Intervistata da Vanityfair alla vigilia del suo debutto televisivo sul palco dell'Ariston, Paola si è raccontata a cuore aperto e tra tante soddisfazioni e sogni, ha svelato anche qualche suo amaro pensiero legato al razzismo e al desiderio di maternità arrivando perfino a chiedersi se valga o meno la pena avere un figlio di colore, sapendo tutto quello che sarà costretto ad affrontare in vita.
"Mi chiedo a volte se sia il caso di mettere al mondo dei bambini - ha ammesso Paola -. Se mio figlio sarà di pelle nera vivrà tutto lo schifo che ho vissuto io. Se dovesse essere di pelle mista, peggio ancora. Lo faranno sentire troppo nero per i bianchi e troppo bianco per i neri. Vale la pena, dunque, far nascere un bambino e condannarlo all’infelicità?"
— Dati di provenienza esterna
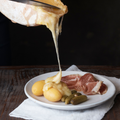 Assortiment de charcuterie halal et pommes de terre grenaille
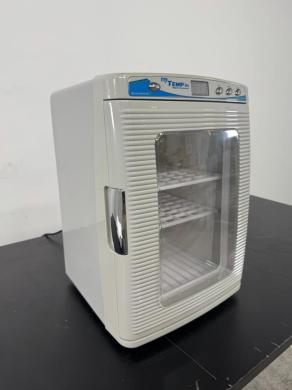 Benchmark MyTemp Mini Digital Incubator Model H2200-HC-cover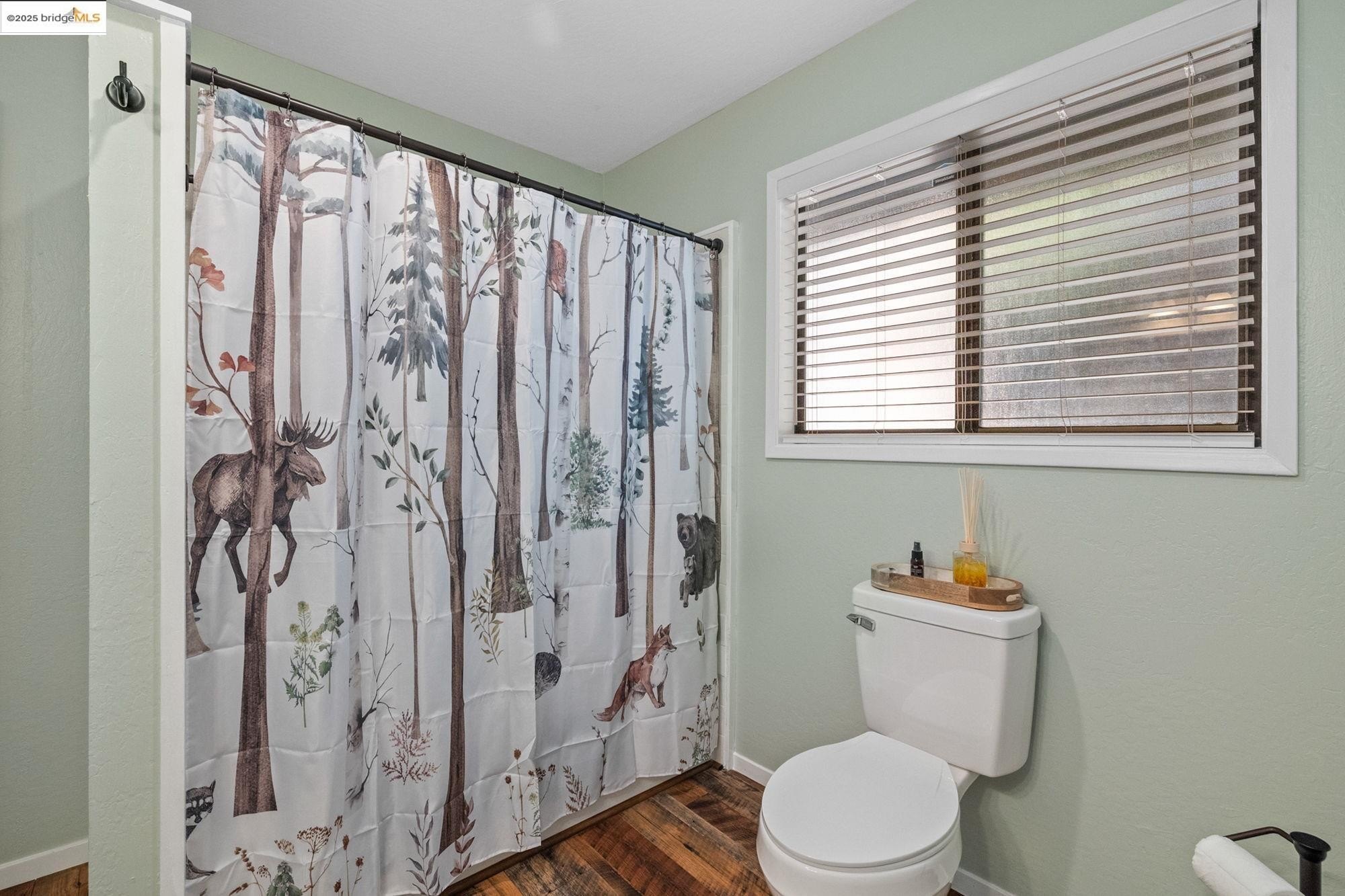 Long Barn, California, 95335, United States, 3 Bedrooms Bedrooms, ,2 BathroomsBathrooms,Residential,For Sale,1989923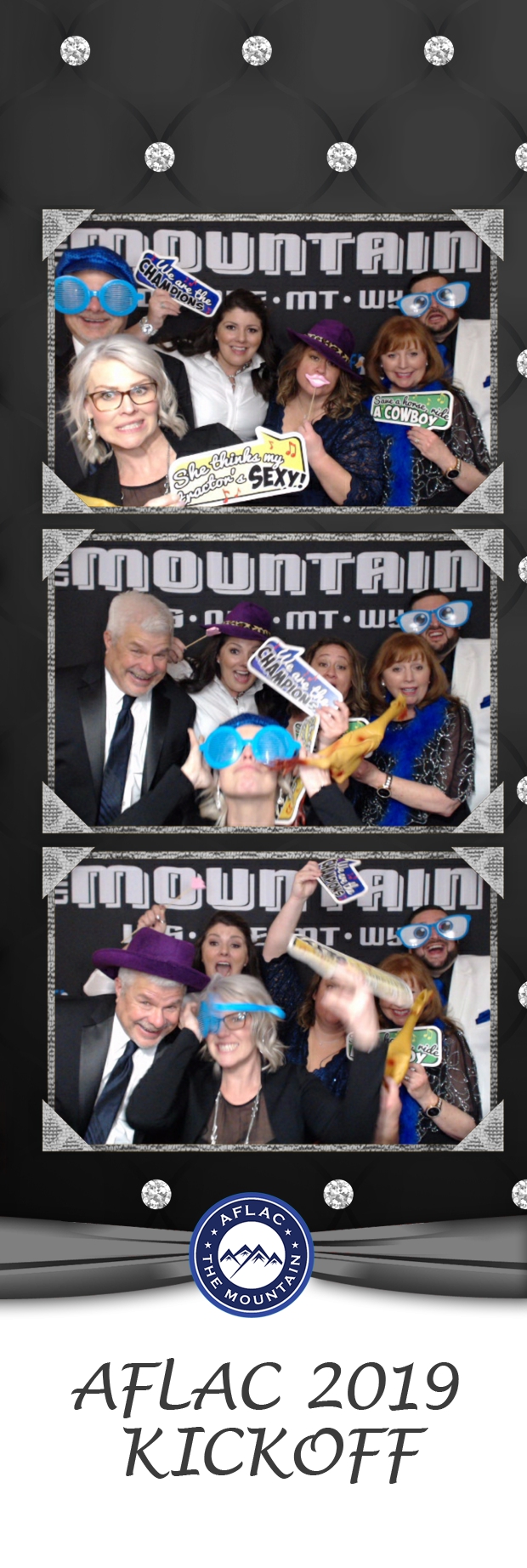 AFLAC 2019 KICKOFF | View more photos from the event at gallery.photoboothbillings.com/u/PhotoBoothBillings/AFLAC-2019-KICKOFF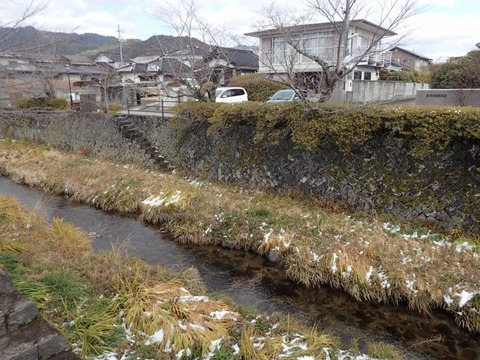 2026 2 山口 後河原の民家と河川 (1)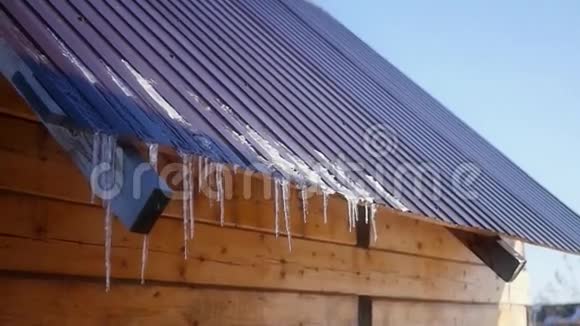 屋顶上美丽的冰柱隐藏在春天的阳光下高清1920x1080下面的动作视频的预览图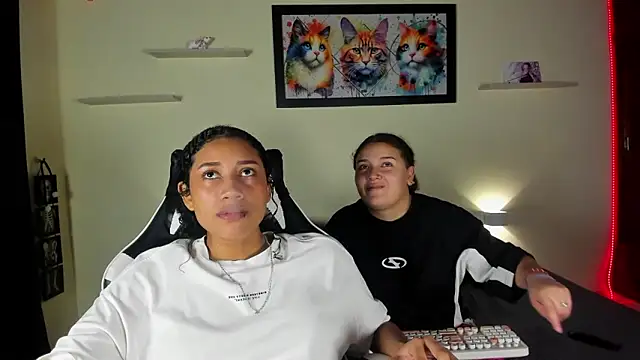 Snapshot of meredit_cris23 chatting on 03-04-26, 05:15 meredit cris23 online show from 03-04-26, 05:15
Un quesito che Paola di chiede e che le fa tornare a galla tutti i brutti ricordi legati al suo passato.
"A quattro anni ho capito di essere diversa - rivela Egonu -. Ero all’asilo e, con un mio amichetto, stavamo strappando l’erba del giardino: ci facevano ridere le radici. La maestra ci ha messo in castigo. Per tre volte le ho chiesto di andare in bagno. Per tre volte mi ha risposto di no. Alla fine ci sono andata di corsa, senza permesso. Troppo tardi: mi ero fatta tutto addosso. La maestra mi ha riso in faccia: 'Oddio, fai schifo! Ma quanto puzzi!'. E, per il resto del giorno, non mi ha cambiata. Ho dovuto attendere, sporca, l’arrivo di mia madre nel pomeriggio. Ancora oggi, 20 anni dopo, fatico a usare una toilette che non sia quella di casa mia".
"Sono cresciuta in un contesto in cui lo standard di bellezza presupponeva l’essere bianca - ha, poi, aggiunto Paola -. E, sa, i ragazzini possono essere molto spiacevoli. Io ero sempre la più alta, ero nera, con questi ricci che odiavo. A un certo punto mi sono rasata a zero. Peccato che poi venivo presa in giro perché non avevo i capelli. La vita era uno schifo. Io mi sentivo uno schifo"
Una riflessione amara, quella di Paola che fa emergere quanto sia ancora dominante il razzismo nella società contemporanea nonostante le lotte per eliminare ogni forma di diversità dall'orientamento sessuale alla "razza".